Collection entries
★ ★ ★ ★

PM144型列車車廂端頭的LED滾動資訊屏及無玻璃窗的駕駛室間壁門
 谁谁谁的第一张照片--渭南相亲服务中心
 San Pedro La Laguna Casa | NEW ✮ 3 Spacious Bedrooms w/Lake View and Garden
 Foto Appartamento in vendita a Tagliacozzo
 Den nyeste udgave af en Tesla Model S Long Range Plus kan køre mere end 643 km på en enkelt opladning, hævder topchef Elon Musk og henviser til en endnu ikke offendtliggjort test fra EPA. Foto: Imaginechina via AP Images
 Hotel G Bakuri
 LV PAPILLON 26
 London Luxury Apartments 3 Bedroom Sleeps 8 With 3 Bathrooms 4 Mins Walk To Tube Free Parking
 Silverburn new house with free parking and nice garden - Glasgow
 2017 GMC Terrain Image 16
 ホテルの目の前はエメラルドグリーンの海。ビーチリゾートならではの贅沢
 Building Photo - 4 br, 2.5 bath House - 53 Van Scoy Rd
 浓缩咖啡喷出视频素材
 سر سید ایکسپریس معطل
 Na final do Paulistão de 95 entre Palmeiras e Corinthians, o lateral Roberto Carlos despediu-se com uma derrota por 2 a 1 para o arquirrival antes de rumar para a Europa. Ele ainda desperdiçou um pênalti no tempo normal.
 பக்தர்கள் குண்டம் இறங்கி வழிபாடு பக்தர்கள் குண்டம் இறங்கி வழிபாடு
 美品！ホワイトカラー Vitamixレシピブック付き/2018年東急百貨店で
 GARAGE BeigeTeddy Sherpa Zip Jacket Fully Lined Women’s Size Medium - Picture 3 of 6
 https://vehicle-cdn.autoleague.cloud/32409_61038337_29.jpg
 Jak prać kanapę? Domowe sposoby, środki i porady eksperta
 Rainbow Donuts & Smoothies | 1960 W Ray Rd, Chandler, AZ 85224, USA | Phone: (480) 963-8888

★ ★ ★ ★

Among the lines above, return each one holding the string "Foto".

EXERCISE SOLUTION:
 Foto Appartamento in vendita a Tagliacozzo
 Den nyeste udgave af en Tesla Model S Long Range Plus kan køre mere end 643 km på en enkelt opladning, hævder topchef Elon Musk og henviser til en endnu ikke offendtliggjort test fra EPA. Foto: Imaginechina via AP Images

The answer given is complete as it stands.